Dans son ouvrage Les employés d’abord, les clients ensuite, Vineet Nayar démontre le lien entre la motivation, l’implication des salariés et la croissance des performances de l’entreprise. Vineet Nayar est le PDG d’une des plus grandes multinationales indiennes de services informatiques qui connaît une croissance très forte grâce à sa conduite du changement et à ses techniques de management innovatrices. Comme dans toute entreprise de services, le point fort réside dans l’interaction entre les salariés et les clients. Selon Vineet Nayar : « C’est grâce à nos employés et à leurs compétences que de telles opportunités (signature d’un très important contrat) s’offrent à nous, nous permettant de démontrer la vraie valeur que les HCLTiens fournissent à nos clients. » Vineet Nayar explique que la stratégie d’entreprise consiste à déterminer les projets et la direction à suivre mais le plus important réside dans la manière d’atteindre l’objectif. En d’autres termes, la mise en œuvre d’une stratégie d’entreprise doit prévoir la manière dont la société dirigera ses structures et ses équipes, afin de garantir son succès.
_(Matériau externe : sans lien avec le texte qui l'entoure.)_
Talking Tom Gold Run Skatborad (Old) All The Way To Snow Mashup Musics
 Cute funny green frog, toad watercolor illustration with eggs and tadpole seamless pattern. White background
Au-delà d’un chiffre, la notion d’effectif renferme une vision et une organisation indispensables à la pérennité de la société.

Le pilotage des effectifs consiste à rechercher l’équilibre optimal entre les besoins de compétences et les ressources disponibles. Plusieurs facteurs influencent cet équilibre et peuvent le fragiliser. Tout d’abord, la direction générale détermine une stratégie à court et moyen terme. En fonction des objectifs de développement d’activités, de réorganisation, de réduction de coûts, d’implantations à l’international, l’entreprise ajustera les compétences en fonction des besoins. Ensuite, le contexte économique contraint permet difficilement d’anticiper les bouleversements des marchés sur lesquels opèrent les entreprises. Par voie de conséquence, anticiper les besoins futurs de main-d’œuvre relève d’une tâche ardue mais néanmoins essentielle.

Définition des effectifs

Le point de départ consistera à définir la méthode de calcul des effectifs : en effet, elle diffère en fonction des obligations légales mais aussi des pratiques d’entreprise.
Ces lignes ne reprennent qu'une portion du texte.